Unos días antes de que la batalla comenzara, Jean Lafitte se personó en Nueva Orleans, aun sabiendo que allí era persona non grata y que podía ser detenido y encerrado. Contactó con el general Andrew Jackson y le reiteró su intención de luchar con todos sus barcos y sus hombres contra los británicos. 
El general no tomó ninguna decisión y llegó el 23 de diciembre de 1814 y la contienda comenzó. En sus primeros días las fuerzas británicas consiguieron traspasar las primeras líneas de defensa americanas. Jackson pensó en Lafitte, y después de una serie de complejas negociaciones en las que se vieron envueltos miembros importantes de la legislatura de Louisiana y un juez federal, Lafitte fue escoltado al edificio donde estaba ubicado el cuartel general de Jackson. Para su sorpresa no fue tratado como un vulgar y desesperado pirata, sino que fue recibido con la cortesía propia de un “gentleman”.

Los “baratarianos” acordaron organizarse en dos destacamentos de artillería, uno bajo el mando de Dominique You y el otro bajo las órdenes del primo de Lafitte, Renato Beluche. Lafitte fue nombrado ayuda de campo no oficial de Andrew Jackson. 
El 8 de enero de 1815, la batalla terminó con la victoria de las fuerzas americanas. El 21, las tropas victoriosas marcharon en formación seis millas, desde el campo de batalla hasta Nueva Orleans. Entre ellos estaban, Jean y Pierre Lafitte y todos sus hombres que fueron aclamados como héroes por todos los ciudadanos que presenciaban la parada. 
El 6 de febrero, el presidente Madison realizó una proclama perdonando a Lafitte y a todos los “baratarianos” que habían luchado junto a la Armada Norteamericana. Lo que no consiguió el ahora “gentleman” fue que le devolvieran las tierras de la Bahía de Barataria. 
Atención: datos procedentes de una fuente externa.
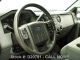 2012 Ford F - 350 4x4 Commercial Pickups photo 9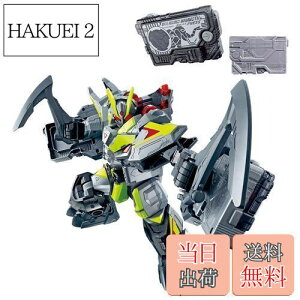 yzʃC_[[ DXuCLO}X&uCLO}XvOCYL[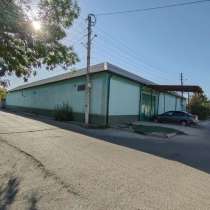 3 сотки метро Куйлюк, в г.Ташкент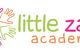 Little Zak's Academy Meadowbank - thumb 0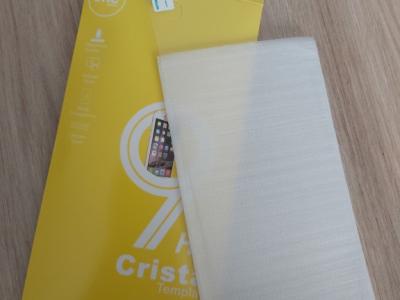 Samsung Galaxy A70  Hülle oder Bildschirmschutz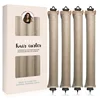 Color box-4 pcs in package-khaki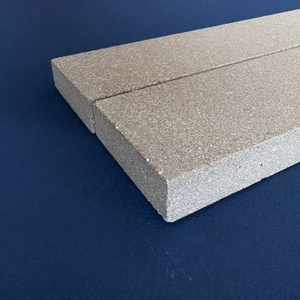 تصویر فروشگاه نماپیشه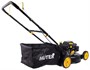 Газонокосилка Huter GLM-4.0 206033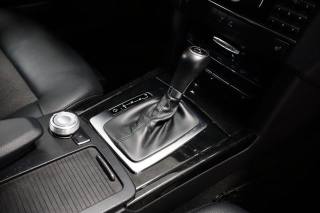 MERCEDES-BENZ E 200 usata, con Climatizzatore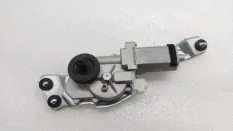 Мотор стеклоочистителя Hyundai Tucson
Jean Lafitte se asentó a 590 kilómetros de Nueva Orleans, junto a unos 500 hombres, en la ciudad de Galveston ubicada al noroeste del Golfo de México y perteneciente entonces al estado de México. En este enclave se pierden las huellas de Jean Lafitte o, dicho de otra manera, todo barco que era apresado por piratas o corsarios en las mencionadas aguas era atribuido a Lafitte. En el año 1818, un devastador huracán asoló Galveston sepultado, si la hubiere, cualquier pista o huella del corsario. 

Alrededor de 1950 apareció una autobiografía atribuida presuntamente a Lafitte que, sin duda, podría haber esclarecido la mayor parte de su existencia, pero para ello era primordial que se certificara que ese manuscrito era original suyo y ni siquiera en eso se pusieron de acuerdo los expertos. El documento se encuentra en el Sam Houston Regional Library and Research Center de Liberty”, Texas, a la espera de que nuevas evidencias puedan resolver de una vez por todas el enigma que rodeó y rodea a este legendario personaje. 

Jean Lafitte, para una parte de los estudiosos, fue un pirata, un asesino y un villano sin escrúpulos. Otros lo consideran un gran patriota, un hombre incomprendido, un caballeroso forajido, alguien que operó según la legalidad vigente, entendiendo con ello que poseyó “Patente de Corso”. A los habitantes de Nueva Orleans les tiene sin cuidado la opinión de los estudiosos, biógrafos e historiadores, y si se ponen o no de acuerdo. Para ellos, Jean Lafitte fue “su héroe” y lo sigue siendo.